The issue of course is not  to over-spend on the unit. Large units are going to become point sinks very quickly and you'll often find a rate of diminishing returns as the squad gets bigger. Often you'll only need three Thunderwolves to tear apart most units and even one or two models are going to be scary to anyone not looking for combat. You have to be careful to not make this unit so good it's going to churn through the opponent's lines and leave them open to return shooting. Since they are so durable and relatively easy to hide as well, having solo units can prove as great distractions as well. A Thunderwolf model with just a Thunder Hammer is a scary prospect for anything to meet in the middle of the battlefield and isn't going to break the bank. Even as a 'bodyguard' or delivery system for a Wolf Lord/Wolf Guard Battle Leader on a Thunderwolf you don't need to go all out on the unit to make it scary. A character on a mount + two-three Thunderwolves is scary and affordable. A character on a mount + five Thunderwolves is overkill and expensive.

Whilst the unit has a lot of uses, they are all combat focused in nature - another reason why overspending on this unit can be bad. Yes they will tear through most units in combat and can really put pressure on anyone who doesn't shoot them down before they get to them nor has the capacity to deal with them in combat but if they don't reach your opponent's lines, their impact is minimal.
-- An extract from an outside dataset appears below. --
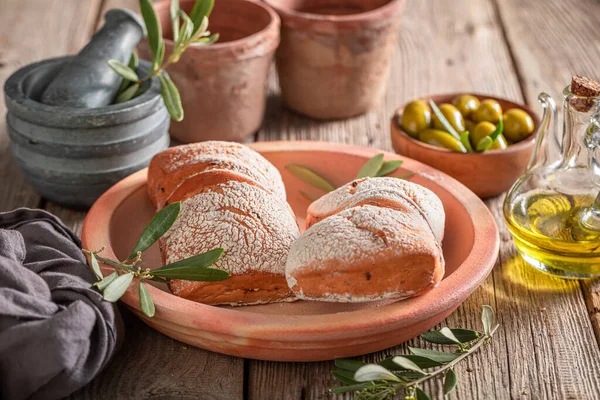 Cripsy Rolls Classic Bread Italy Rolls Made Olive Oil — Stock Photo, Image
They are an excellent unit, nothing to take away from them there. However, don't expect them to always win you games or do everything for you - they are an assault unit without an invulnerable save (unless you invest a lot of points) and are limited by this. If you keep the squads simple without overloading on gear and not making them the prime target for your opponent, you'll find they do very well in supporting your army rather than dictating it.

Conclusion -

There are really two choices here - Land Speeders and Thunderwolves, the rest are just bad. Fenrisiasn Wolves have their place with Canis as a screening unit but that moves them to Troops where they don't score. Wonder why you don't see them? Land Speeders bring extra mobility to a Space Wolves army which often lacks mobile ranged firepower. Without Heavy Weapons in their Grey Hunters, they need to be more aggressive to get their melta into range and with infantry based Heavy Support, there's no move and shoot options with heavy weapons. Add in that other Elite slots are generally favored over Dreadnoughts and Land Speeders are one of the best options to add mobile heavy weapons to the army. The problem is, they compete with perhaps one of the best beater units in the game - the Thunderwolves. Whilst these guys are expensive, if care is taken when building the unit(s), they will fit into your army nicely, provide a lot more combat oomph and not drag points away from other important units. Balancing the two of these choices can often be very hard, particularly when the majority of a Space Wolves points are going into Wolf Guard, Grey Hunters and Long Fangs but both units are excellent choices which should be given heavy consideration.